Битва — страница 46 из 85

— Хватит.

— Ну и добре. И еще вот что. Есть мнение: выделить вас в специальное конструкторское бюро. Выведем из-под опеки Бориса Силыча.


В салоне внезапно потемнело, точно самолет окунулся в сумерки, его стало в каком-то упругом напряжении покидывать в разные стороны; казалось, фюзеляж старались там, снаружи, скрутить, искорежить, и весь самолет подрагивал, бился в малярийном ознобе.
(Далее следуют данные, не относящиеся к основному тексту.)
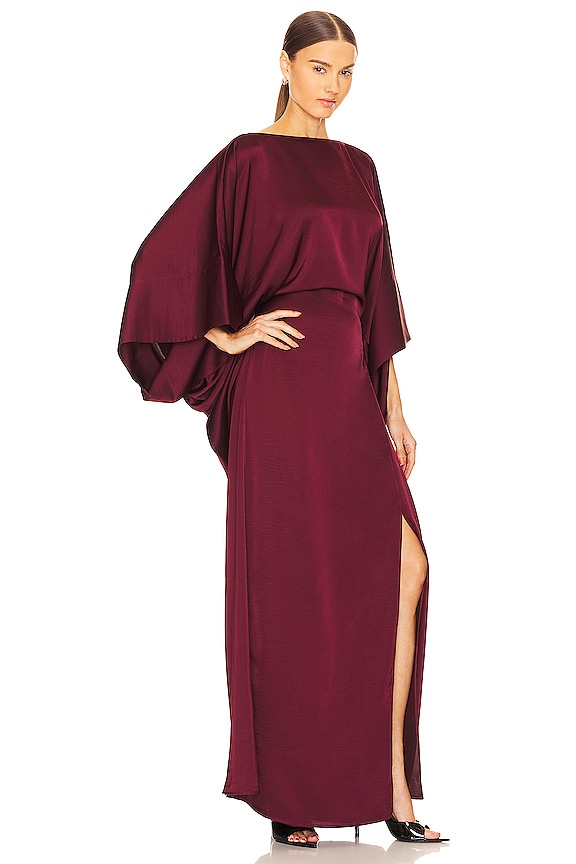 view 2 of 3 EDIRLYDIRL マキシドレス in Fine Wine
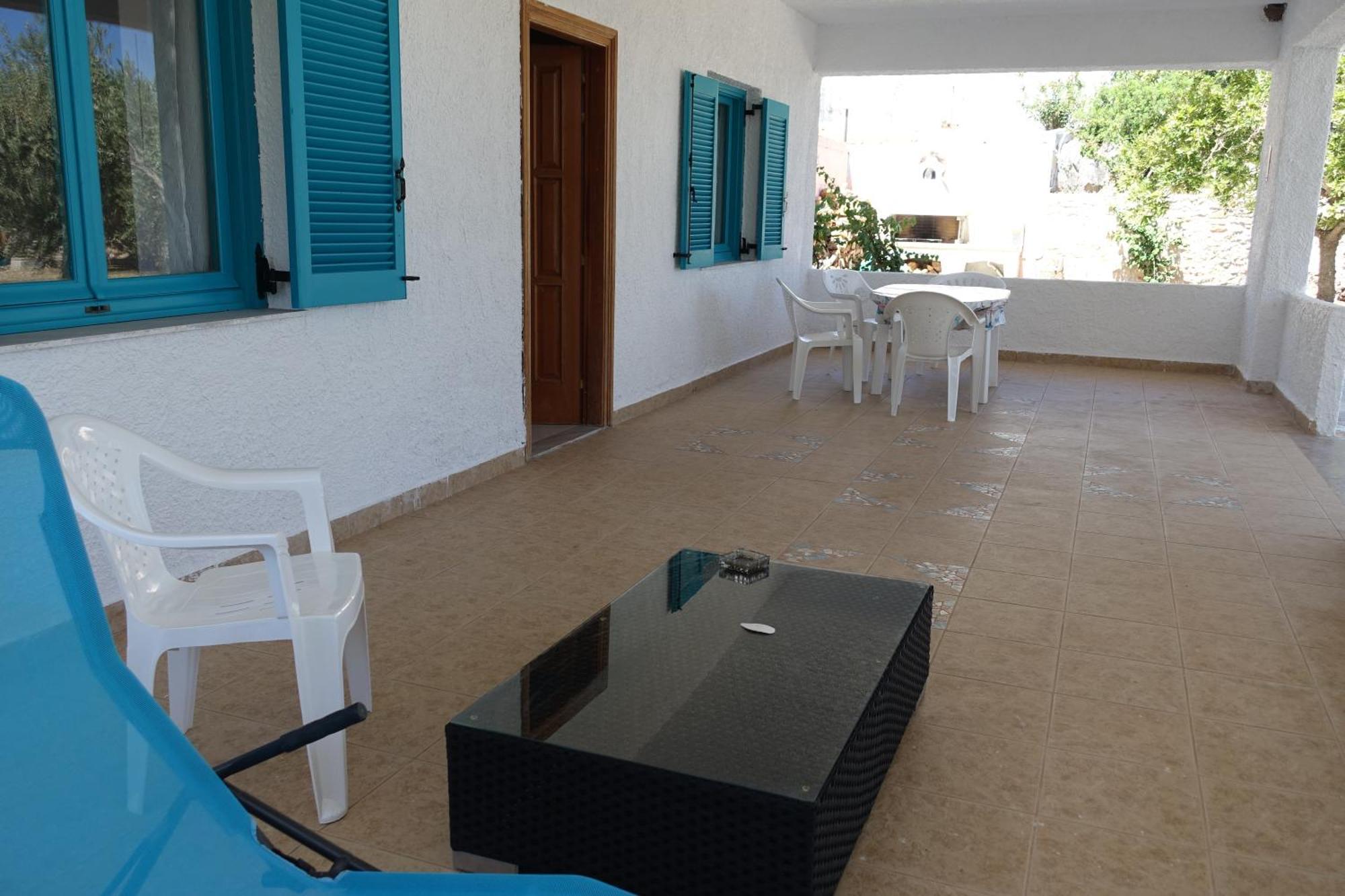 Studio In Villa In Kalloni Direkt Am Meer Εξωτερικό φωτογραφία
Умнов глянул в иллюминатор — темные клочковатые обрывки туч налетали на овальное ребро крыла, соскальзывали, клубясь и завихряясь. Вибрируя, крыло раскачивалось, ходило ходуном, закругленной консоли не было видно в плотной темной пелене. Отблески молний, будто отдаленные спичечные вспышки, слабо пробивались сквозь мрачную пелену за иллюминатором; по стеклу юлили тонкие дождевые дорожки, и сдавалось, что вовсе не дождевые дорожки, а приклеенные чуть приметные волосинки — поток воздуха их тревожил, шевелил…
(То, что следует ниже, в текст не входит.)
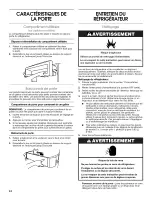 Предварительный просмотр 44 страницы Jenn-Air JB36NXFXLW01 Use & Care Manual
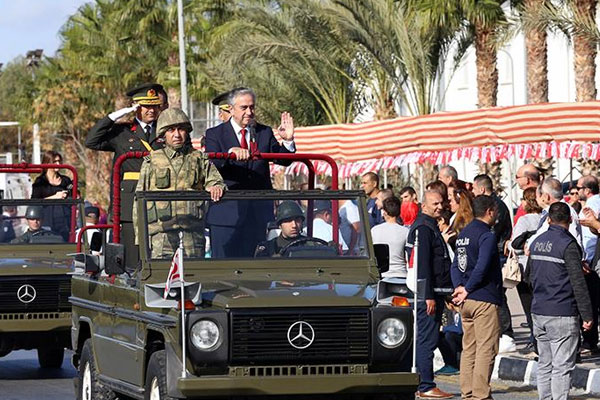 KKTC'nin 33. kuruluş yıl dönümü kutlanıyor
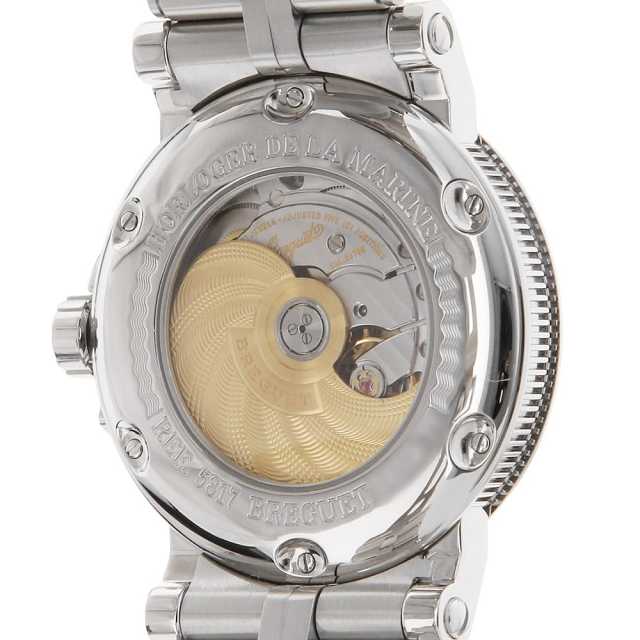 5817ST/12/SV0 シルバー Breguet（ブレゲ）マリーンIIラージデイト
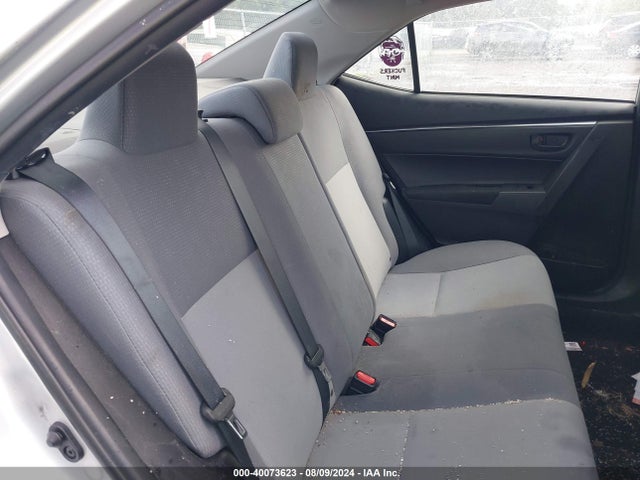 Toyota COROLLA L 2016 2T1BURHE8GC741191 Image 8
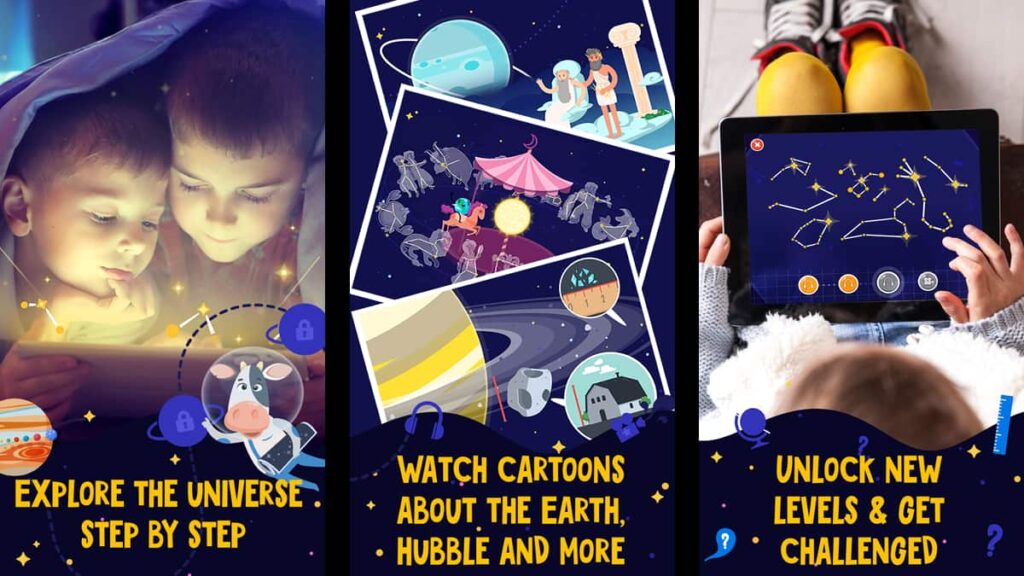 child-friendly astronomy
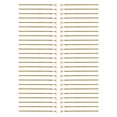 thumbnail image 4 of Épingles à Tête Plate en Acier Inoxydable, 50 Pcs Épingles à Tête Plate en Acier Inoxydable Design de Nouvelle Génération, 4 of 9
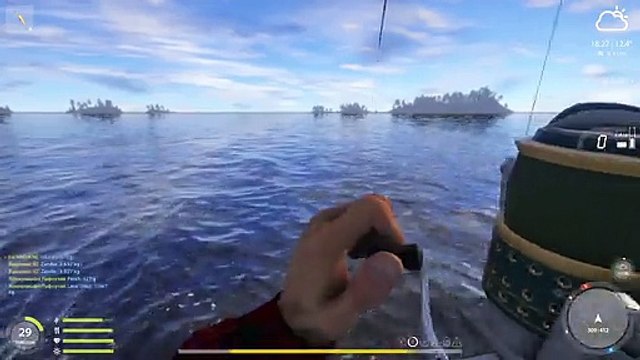 Russian Fishing 4 Ladoga Archipelago Ladogo Sturgeon 10.649 Kg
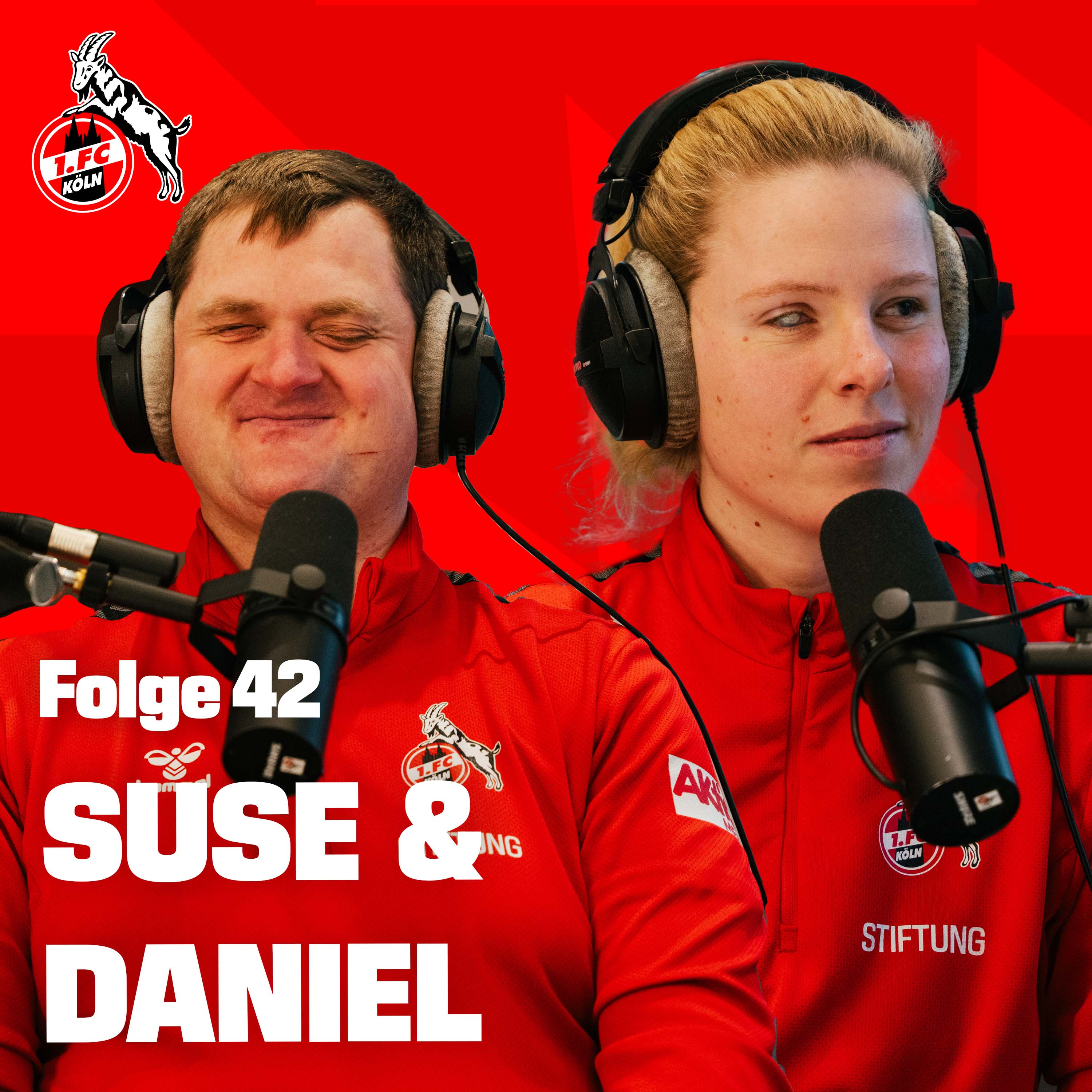 Blindenfußballer Suse & Daniel - „Wir hören, wo das Tor steht“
Из пилотской, откинув плотную штору, появился борттехник в кожаной летной куртке, без шлема; держа рукой штору, как бы стараясь прикрыть за собой вход, объявил:

— Товарищи, пробиваем грозовой фронт. Просим обязательно застегнуть привязные ремни. — И скрылся, задернув за собой звякнувшую кольцами штору.

Оба военных напротив Умнова очнулись и недоуменно, после дремоты еще не осознав резкие, неприятные броски самолета и слова борттехника, оглядывались. Сонный майор, который держал путь на курорт, к морю, и еще минуту назад, прикрывшись газетой, дремал, первым улыбнулся:

— Говорят, приезд в дождь, в грозу — к удаче!
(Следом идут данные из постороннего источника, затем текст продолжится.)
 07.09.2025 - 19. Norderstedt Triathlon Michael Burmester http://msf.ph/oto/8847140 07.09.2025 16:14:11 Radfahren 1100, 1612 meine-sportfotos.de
Но ему никто не ответил. Самолет круто бросило вниз, оттуда вновь, будто наткнувшись на какую-то преграду, он подкинулся вверх, соскальзывая на крыло: очевидно, летчики совершали маневр. В заполненном салоне именно не слова борттехника, а вот этот резкий бросок словно бы послужил сигналом: все задвигались в креслах, пристегиваясь толстыми брезентовыми ремнями. Пристегнулся и Умнов. Самолет явно разворачивался, теряя скорость, тряска усиливалась, словно теперь он бежал по ухабам и рытвинам, зеленоватые бледные отблески наполняли салон трепетно дрожащим светом — самолет, верно, снижался, по времени уже быть Москве, в салоне притихли. Военные, сидевшие напротив, тоже молчали. Проходили самый пик грозового фронта, и Умнов, подавляя усилием тошнотный приступ, подумал почему-то неприязненно: «Вот тебе и к удаче приезд! Хороша удача… В ящик можно сыграть! А главное, что ждет завтра? Завтра…»

ГЛАВА ВТОРАЯ

1

Гроза над Москвой разразилась внезапно, во второй половине дня. С утра парило, духота в обед уже была невыносимой; накалившиеся каменные громады домов, асфальт улиц, чугунные ограды бульваров, давно сниклые деревья с вялыми, как бы сварившимися, листьями — все источало влажно-горячую истому.

Выйдя из подъезда дома часов в одиннадцать, Янов хоть и ощутил парную духоту, отметил неприятную белесоватость неба с подтеками, однако все это не связалось в его сознании с возможной грозой. Лишь позднее, когда отчетливо и зримо сгустилась вся цветовая тревожная палитра, он запоздало заключил: быть грозе…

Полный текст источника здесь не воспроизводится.